Someone else suggested getting rid of the trees at the southeast corner. That shelter belt lines the property of Schenk. “I am the SOB with all the trees,” he said.

His family moved there for the peace and quiet, and none of the trees enter the county easements.

He noted that there have been many other crashes at many other locations. He even recalled one in which involved he and his daughter.

He supported the improved two-way stop and the reduced speed.

Then, Weber addressed the meeting. “I don’t know all the details of the accident,” she said.

“I just want to save one person from going through the heartache that I’m going through,” she said. She wanted to see a four-way stop.
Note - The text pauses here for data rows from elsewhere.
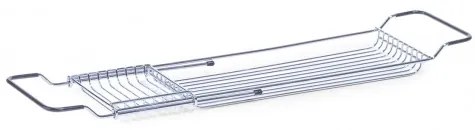 Tava reglabila pentru cada, Metal Cromat, l65,5/76,5xA15,5xH4 cm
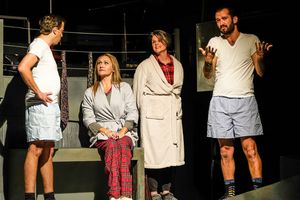 Jim Lindsay, Megg Rose, Kerry McGinnis and Seth Andrus Washington @ BroadwayWorld Jim Lindsay, Megg Rose, Kerry McGinnis and Seth Andrus Washington Photo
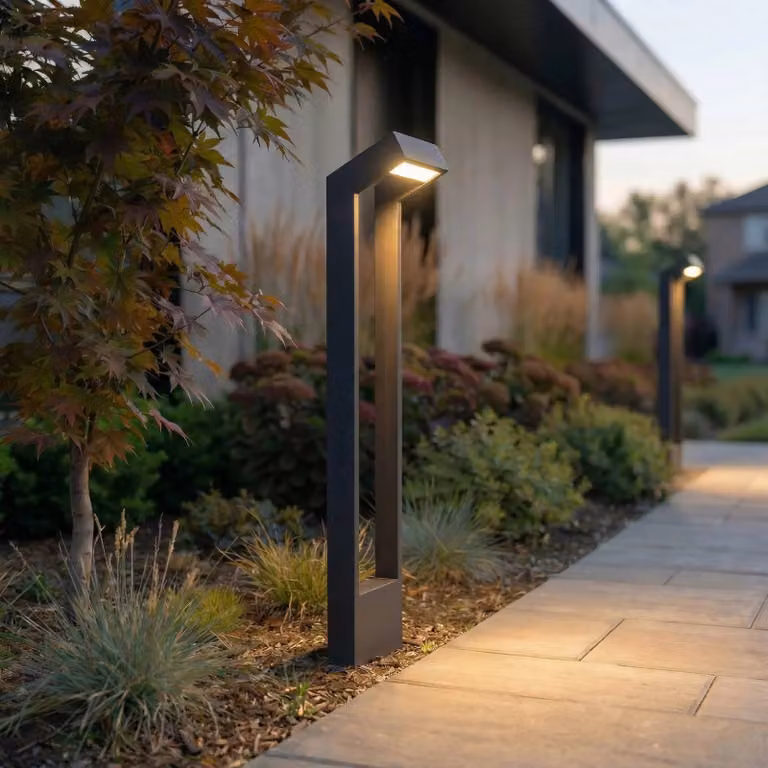 Arcchio LED tuinpadverlichting modern grijs aluminium glas Hoogte: 95 cm IP65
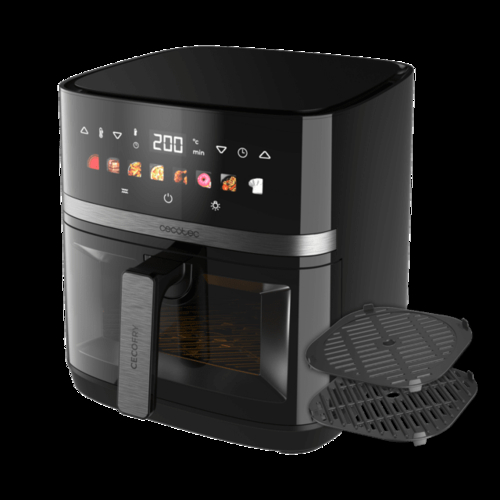CECOTEC CECOFRY&GRILL DUOHEAT 8000 Negro - Freidora de Aire 2200W 8L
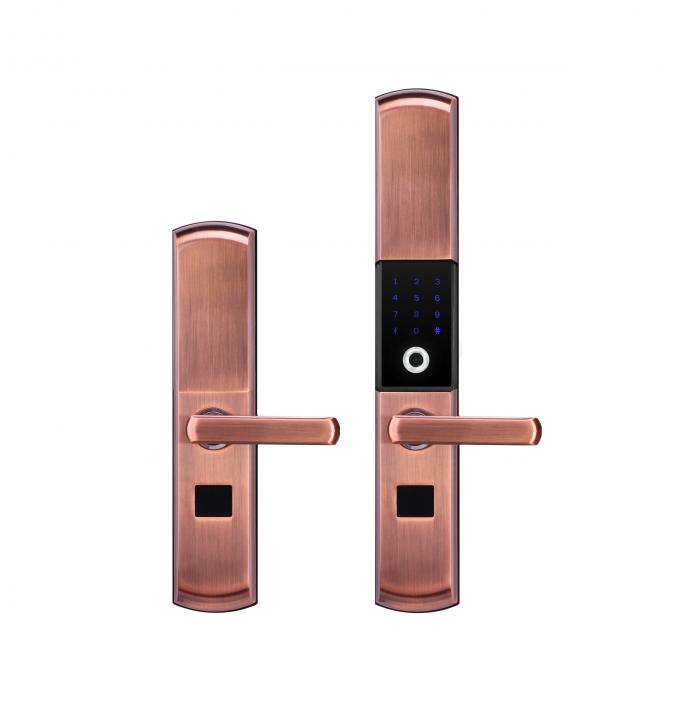 Fingerabdruck-Kabinett-im Freien gleitende Türschloss-biometrische Bluetooth-Steuerung 1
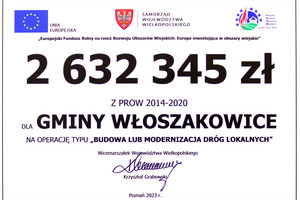 Podpisanie umowy na dofinansowanie przebudowy ul. Jana Otto i Podgórnej we Włoszakowicach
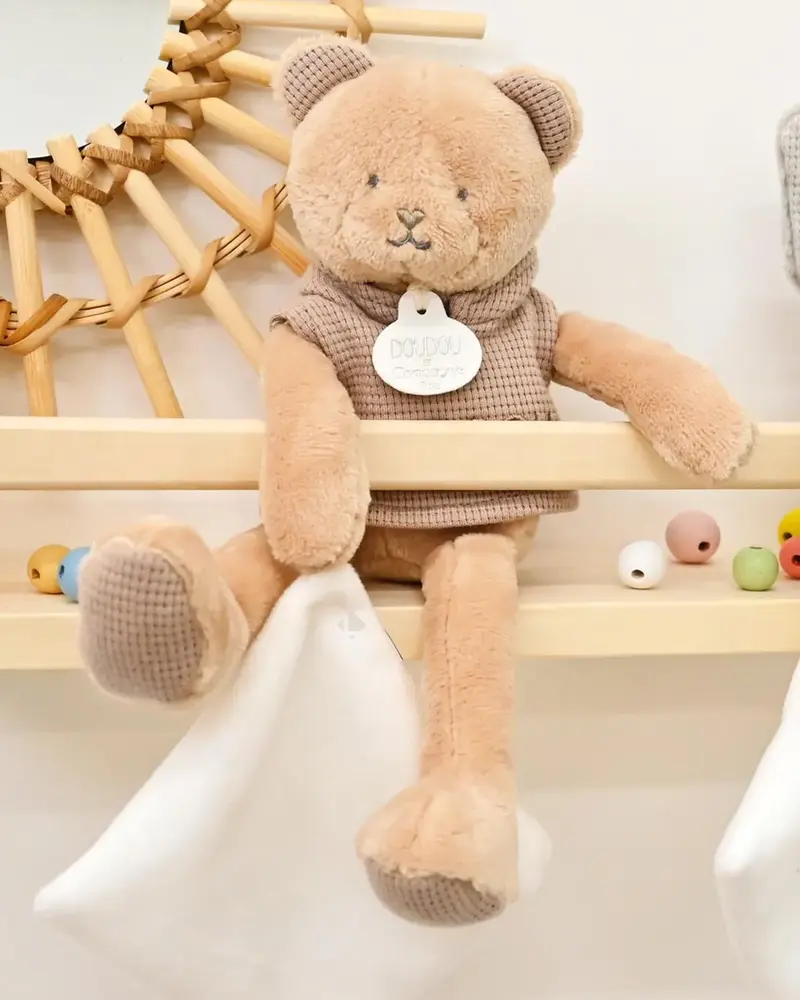 Doudou ourson marron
Stover was killed when her westbound car was struck broadside by a northbound loaded cement truck after she failed to stop.  

The decision

“I am sorry for the situation that came up and the death of the young lady,” Commissioner Don Davis said. 

“As a professional driver for 48 years, I learned to obey the laws of the highways and roadways,” he said. It was Davis who moved to improve the current traffic situation at the corner in lieu of a making it a four-way stop.

“What ever we do, we have to do what is best for everybody,” Schremmer said. 

“This is a problem intersection,” Commission Chairwoman Jennifer Schartz said. “It is the job of this board to keep the citizens as safe as we can.”

She supported a four-way stop. This, she said, would be the best way to protect the good drivers while decreasing the likelihood of future collisions.

Failure to do something, Schartz said, would make her feel culpable if there were additional wrecks at the location.

Improving the intersection as it is was approved unanimously. Commissioners assured those present they will continue to study the matter.